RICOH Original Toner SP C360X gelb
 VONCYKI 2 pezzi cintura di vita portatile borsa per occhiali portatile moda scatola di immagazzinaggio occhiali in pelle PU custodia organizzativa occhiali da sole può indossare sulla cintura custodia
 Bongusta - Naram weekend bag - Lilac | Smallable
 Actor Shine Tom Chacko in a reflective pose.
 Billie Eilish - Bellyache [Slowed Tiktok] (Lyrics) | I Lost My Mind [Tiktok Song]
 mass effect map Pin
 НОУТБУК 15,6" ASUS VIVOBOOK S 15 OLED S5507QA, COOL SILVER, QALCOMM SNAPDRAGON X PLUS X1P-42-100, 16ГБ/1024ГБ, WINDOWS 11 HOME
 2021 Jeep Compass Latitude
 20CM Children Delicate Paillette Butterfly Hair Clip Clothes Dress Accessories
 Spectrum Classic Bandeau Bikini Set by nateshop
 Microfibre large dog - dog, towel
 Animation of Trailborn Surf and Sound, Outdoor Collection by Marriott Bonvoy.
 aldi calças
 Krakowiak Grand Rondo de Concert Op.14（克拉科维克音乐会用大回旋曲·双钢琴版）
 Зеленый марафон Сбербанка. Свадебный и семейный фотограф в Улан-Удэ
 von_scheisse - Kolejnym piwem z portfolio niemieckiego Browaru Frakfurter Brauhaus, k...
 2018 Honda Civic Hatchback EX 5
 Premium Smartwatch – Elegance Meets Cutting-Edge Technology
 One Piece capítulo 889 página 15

> **Your assignment**
Everything from the line that contains "Зеленый марафон Сбербанка." through the end of the records must be duplicated exactly, and nothing outside that range.

> **Task solution**
 Зеленый марафон Сбербанка. Свадебный и семейный фотограф в Улан-Удэ
 von_scheisse - Kolejnym piwem z portfolio niemieckiego Browaru Frakfurter Brauhaus, k...
 2018 Honda Civic Hatchback EX 5
 Premium Smartwatch – Elegance Meets Cutting-Edge Technology
 One Piece capítulo 889 página 15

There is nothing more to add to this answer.